С какого-то края застолья донесся всхлип. Фариза вскочила.
— Да что же это такое?! — хлопнула она ладонью по столу. — Вы на свадьбу пришли или к покойнику собрались? Тьфу! Говорила я тебе, сватья, давай, сказала, соберем подружек Малики, попьем чаю, того на пока и хватит. Вот и смотри, к чему твое упрямство привело. Мы что, слезливые мунажаты[48] слушать собрались?

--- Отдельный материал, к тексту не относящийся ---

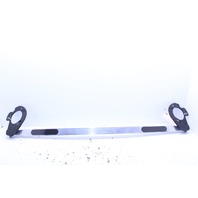 2000 2001 2002 2003 BMW M5 DINAN Front Strut Tower Brace E39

— А что, в пляс пуститься, юбками трясти? В четырех углах четыре сиротки сидят — голы, босы, накормить нечем, — сказала одна из женщин. Налила полстакана самогонки и махом, по-мужски, выпила.
Другая тут же заверещала:
Эх, плывет, плывет лодчонка,
Тянет, тянет светлый след.
Пишет письма мне мальчонка,
Самого все нет и нет.
Следом за ней и остальные, кто в лес, кто по дрова.
— Твой хоть письма пишет, а наши и строчки не напишут больше, — сказала худая, с увядшим почерневшим лицом женщина и, подбоченясь, вышла на середину. — Давай, Сагида, сыпь свои частушки дальше. — Сдернула с головы платок и, размахивая им, пошла выбивать дробь.